Depending on how large your turkey is will determine where in the smoker it will fit and of course which type of smoker you have to accommodate it.

Best thing to do is place the turkey where it will fit comfortably in the smoker and put a temperature probe on the same level as the turkey.  Also place another probe in the turkey .  Now you can monitor the smoker's temp as well as the turkey's. 

I hope this helps,

John


----------



## normanaj (Nov 28, 2020)

Depends on the smoker.What do you have?


----------



## tripleh (Nov 28, 2020)

BandCollector said:


> Depending on how large your turkey is will determine where in the smoker it will fit and of course which type of smoker you have to accommodate it.
> 
> Best thing to do is place the turkey where it will fit comfortably in the smoker and put a temperature probe on the same level as the turkey.  Also place another probe in the turkey .  Now you can monitor the smoker's temp as well as the turkey's.
> 
> ...


I have a Bradley digital 4 rack rack, I did a turkey thanksgiving day, the smoker set at 270 deg. Was supposed to cook for 2.5 to 3 hrs and reach a temp of 164 but it never got over 149 for 3.5 hrs. Had it next to the top rack. wondering if It should have been lower?


----------



## Brokenhandle (Nov 28, 2020)

If you don't have enough probes to check on hot or cold spots some have bought store bought biscuit or bun dough and place throughout their smokers to show hot and cold spots.

Ryan


----------



## tripleh (Nov 28, 2020)

tripleh said:


> I have a Bradley digital 4 rack rack, I did a turkey thanksgiving day, the smoker set at 270 deg. Was supposed to cook for 2.5 to 3 hrs and reach a temp of 164 but it never got over 149 for 3.5 hrs.
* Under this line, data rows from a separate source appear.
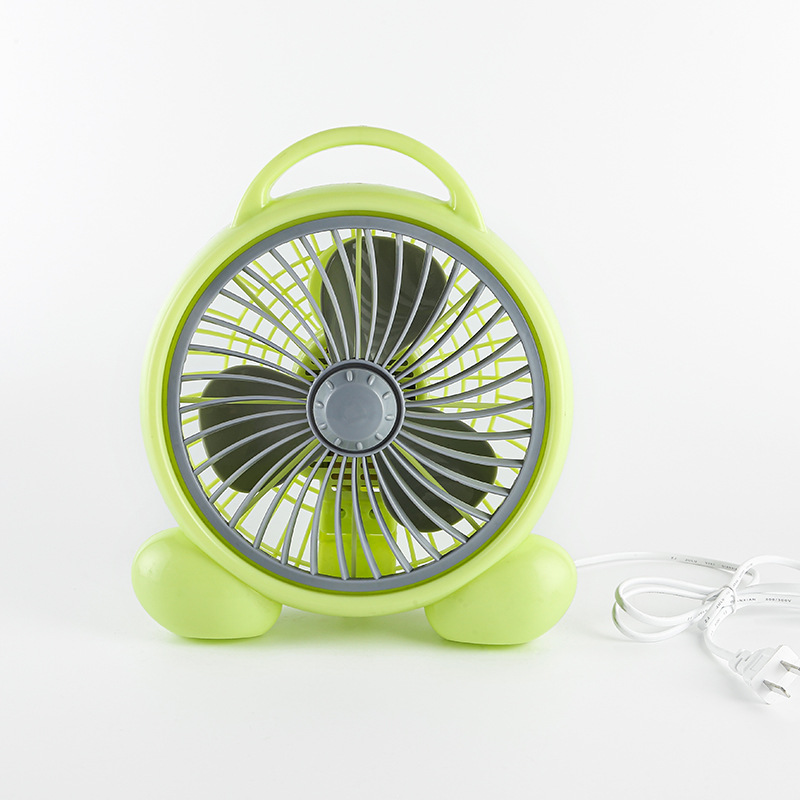 Micro cooling electric fan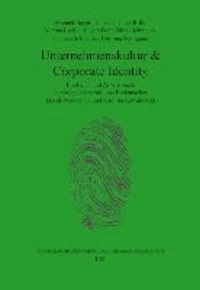 Unternehmenskultur & Corporate Identity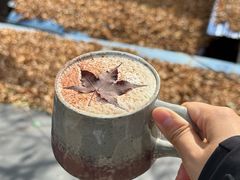 -16毫米咖啡&酒吧(南锣鼓巷店)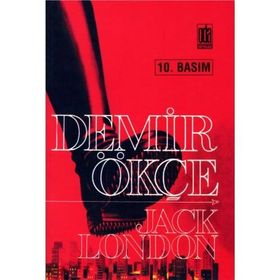 DEMIR ÖKÇE - JACK LONDON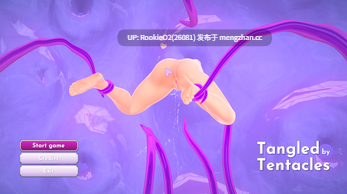 【SLG/生肉/触手/怀孕/扶她/3D/PC】触手之缚 / Tangled by Tentacles v1.7.0 英文生肉版 26.02.12更新【923M】-第7张图片-萌站 【SLG/生肉/触手/怀孕/扶她/3D/PC】触手之缚 / Tangled by Tentacles v1.7.0 英文生肉版 26.02.12更新【923M】-第7张图片-萌站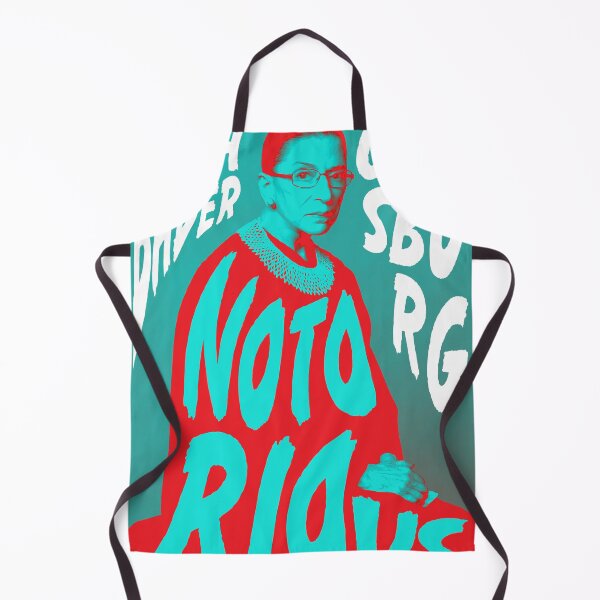 Item preview, Notorious RBG Green designed and sold by unfamouzzz.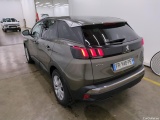  Peugeot  3008  Active Business 1.5 HDi 130CV BVA8 E6d #2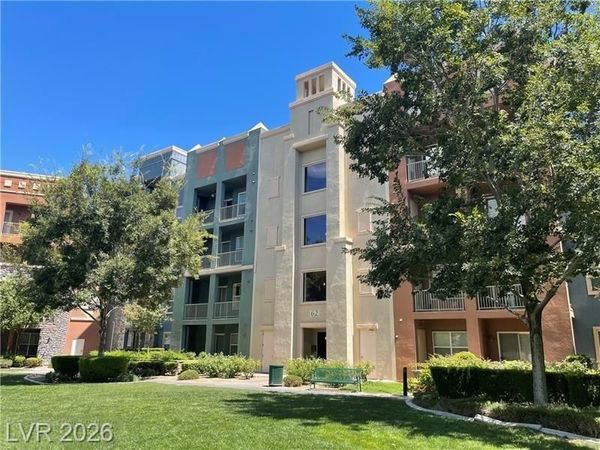 62 E Serene Avenue, Unit 225, Las Vegas, NV 89123
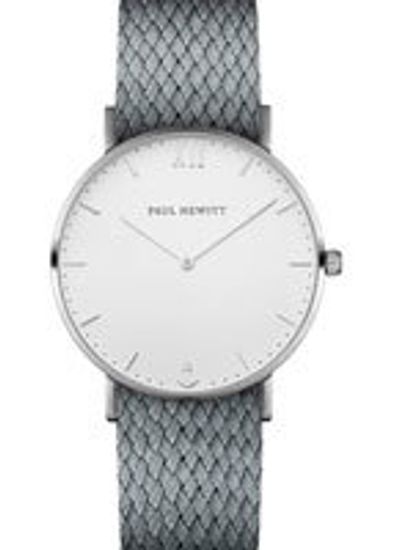 Унисекс немецкие часы Paul Hewitt, Sailor Line PH-SA-S-Sm-W-18M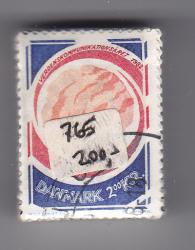 Ugeauktion 877 - Magrethe 1. Tp.Cq. 110 øre -130 øre #32002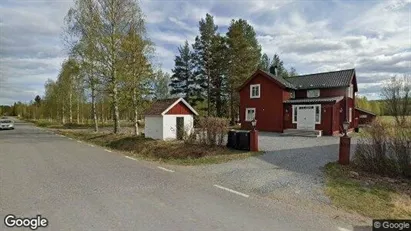 Apartments for rent in Skellefteå - Photo from Google Street View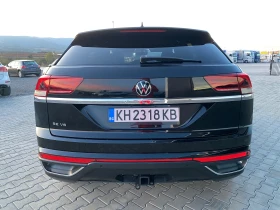 VW Atlas 3.6i, снимка 6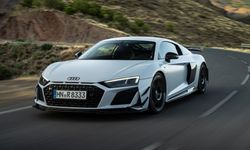 Audi R8 Efsanesi Geri Dönüyor!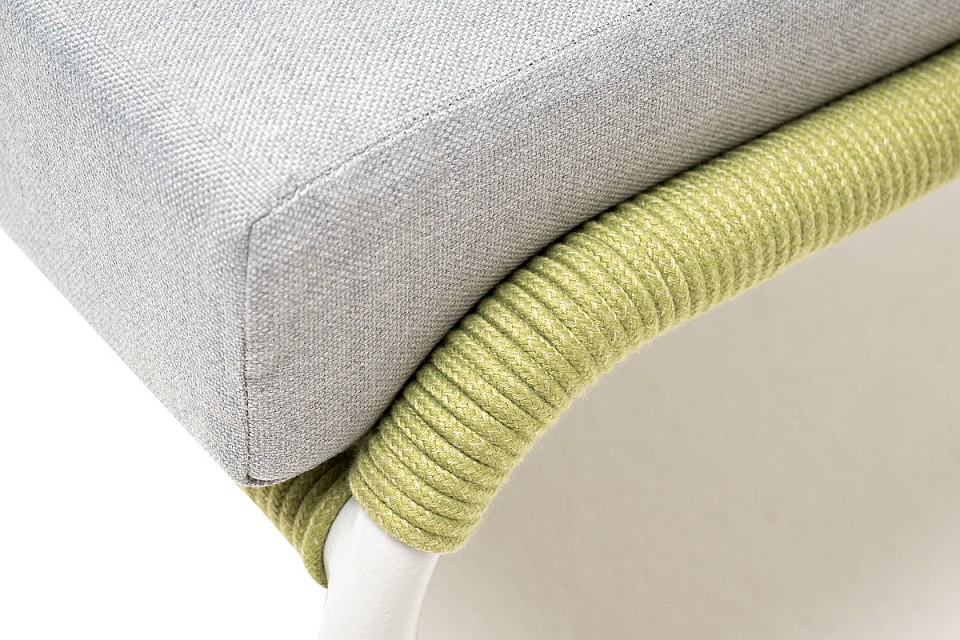 Кресло Милан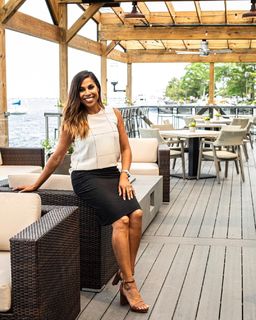 Taniya Nayak feet photo 3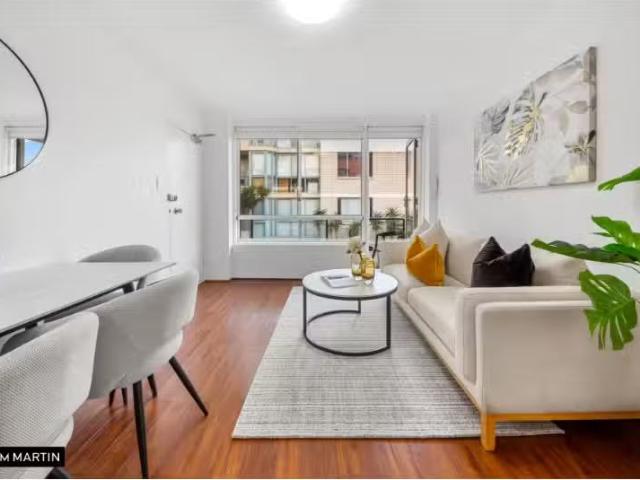 13/114 Maroubra Road, Maroubra Apartment for rent Listed by J.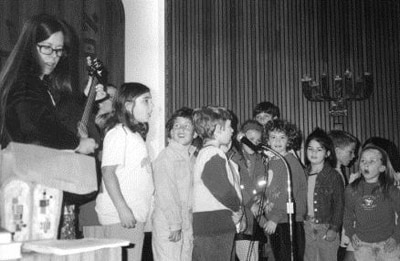 Napa County Historical Society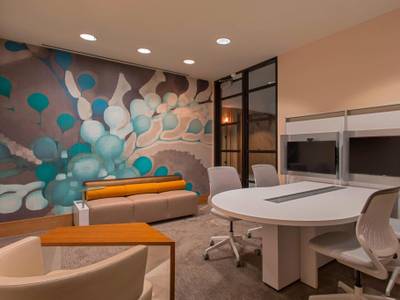 The Westin at The Woodlands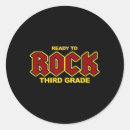 Search for third grade rocks stickers Elementary
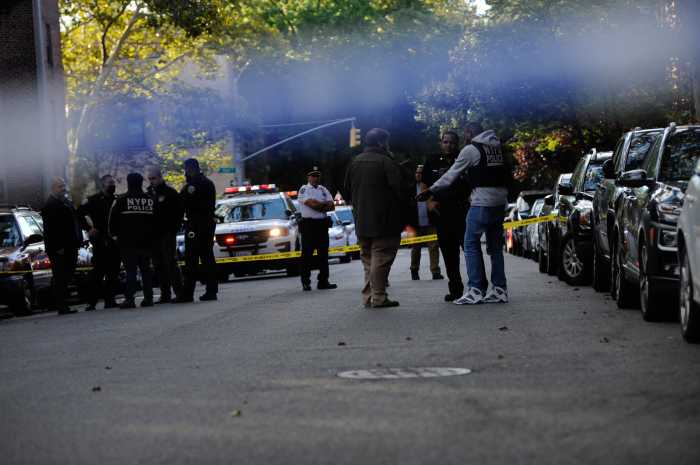 NYC SHOOTINGS: Pair killed in possible gang-related Brooklyn and Queens murders 2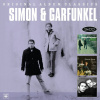 SIMON & GARFUNKEL: ORIGINAL ALBUM CLASSICS 2 CD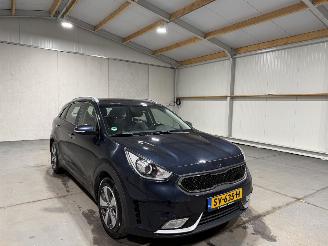 Kia Niro 1.6GDI 77kW Hybrid DynamicLine picture 3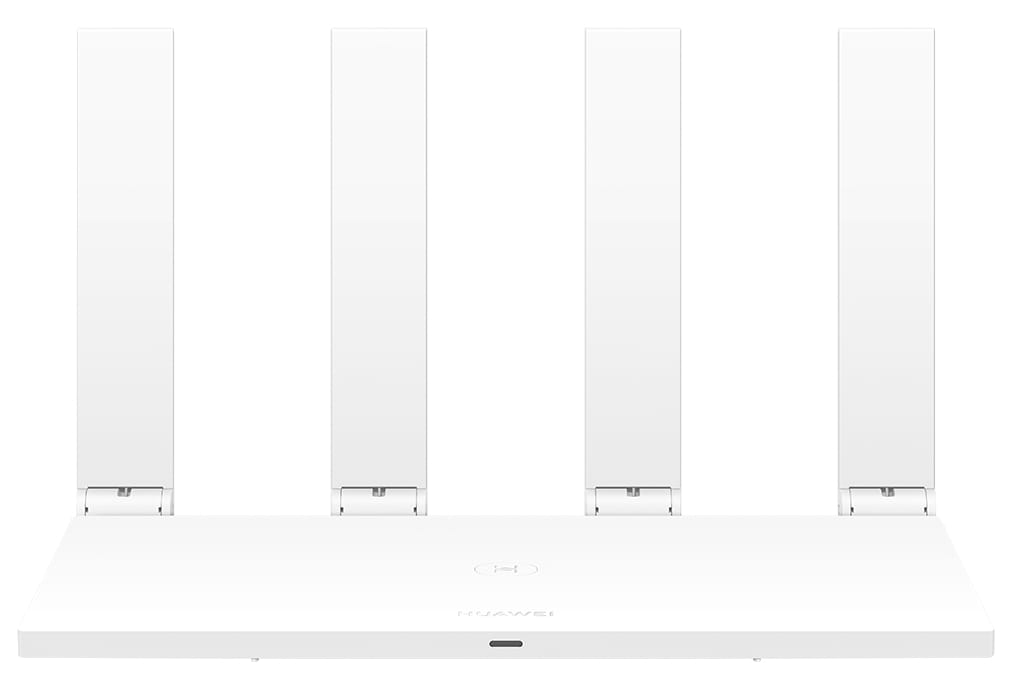Маршрутизатор интернет WiFi5 Huawei WS5200-23 V3 (Dual-core) White - Фото 1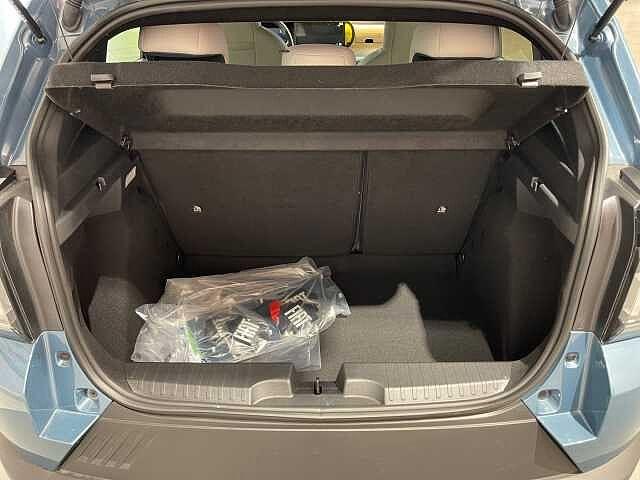 Fiat Grande Panda 44kWh La Prima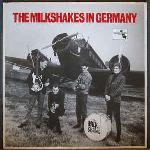 The Milkshakes In Germany (1983)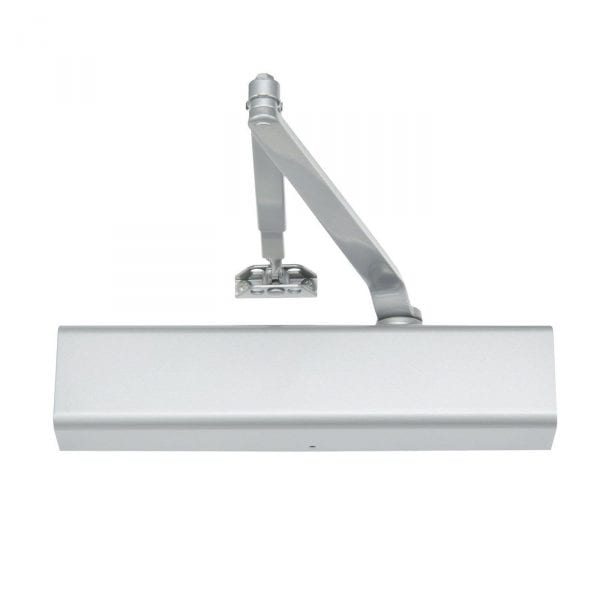 Norton 8501DA Door Closer with Delayed Action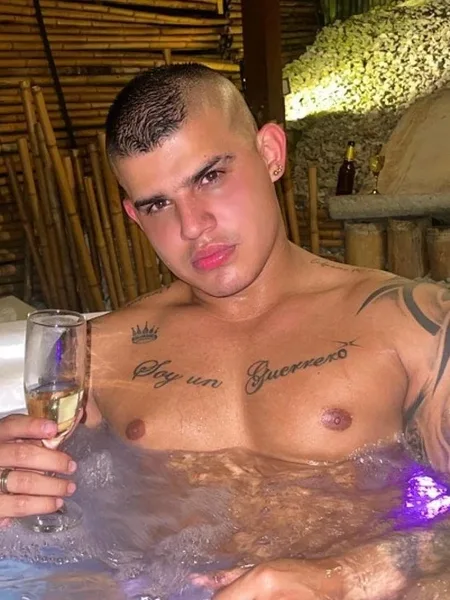 WILL GARCIA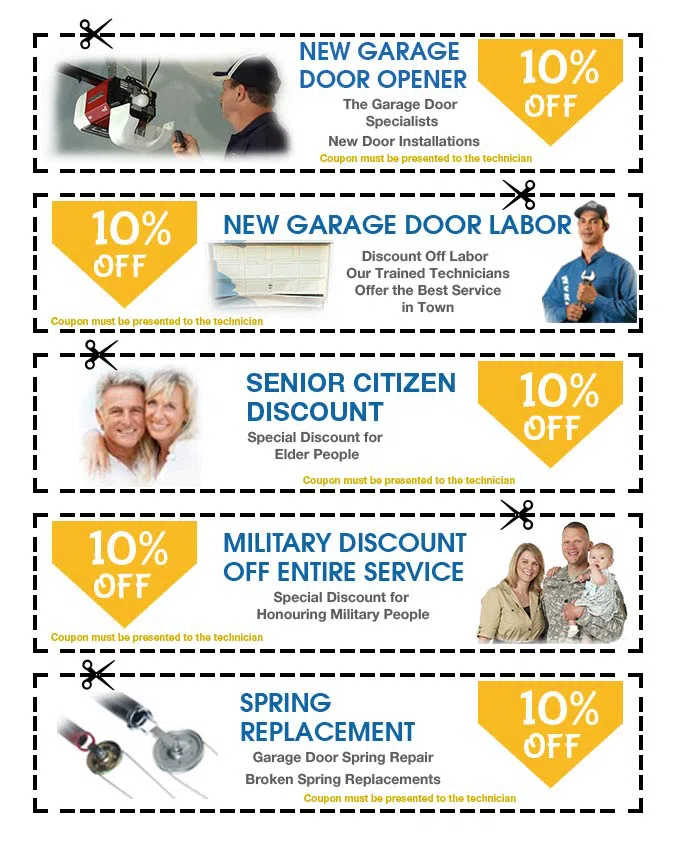 USA Garage Doors Service Boston, MA 617-487-4427 - CouponSet11-five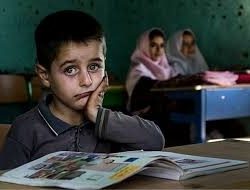 ترک تحصیل 22 دانش آموزان 2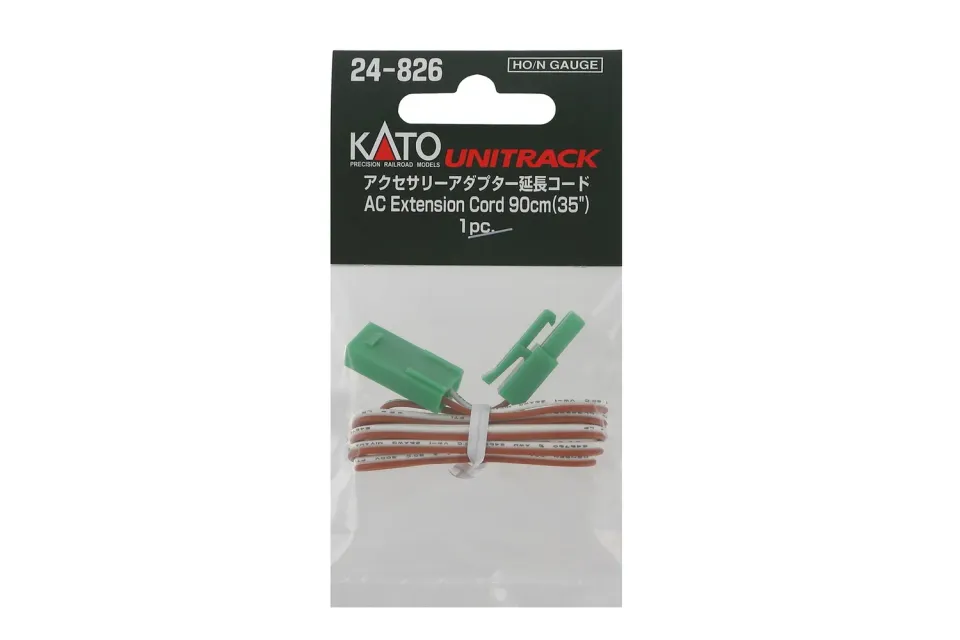 MINIS câble raccordement AC 90 cm x1 accessoire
Had it next to the top rack. wondering if It should have been lower?


----------



## tripleh (Nov 28, 2020)

The smoker has a temp gage on control panel.


----------



## SmokinAl (Nov 29, 2020)

The problem is most factory temp gauges are inaccurate. That is why most everybody has a back up external thermometer to monitor both the pit temp. & the meat temp. You may find that your not really cooking at 270.
Al


----------



## Bearcarver (Nov 29, 2020)

tripleh said:


> I have a Bradley digital 4 rack rack, I did a turkey thanksgiving day, the smoker set at 270 deg. Was supposed to cook for 2.5 to 3 hrs and reach a temp of 164 but it never got over 149 for 3.5 hrs. Had it next to the top rack. wondering if It should have been lower?




It was set at 270°, but was it actually 270° inside that Smoker. I have heard Bradleys were a little "Underpowered".
When I use my MES 40, I put things in there as far as I can get them from the heating element, because I want to Smoke-cook the food---Not Grill it.
Things smaller than a Turkey, I almost always use the 2nd rack from the top.
If I have enough food to need multiple racks, I use them in the following order.
This is with a 4 rack MES smoker:
1 Rack-----Rack #2
2 Racks----Rack #1 and #2
3 Racks----Rack #1, #2, and #3
I never use Rack #4-----It's too close to the Heating Element. IMO

If I had to use all 4 racks, like for Jerky or Beef Sticks, I would be sure to rotate Racks #1 and #4, because #4 is too close to the Heating Element.

Bear


----------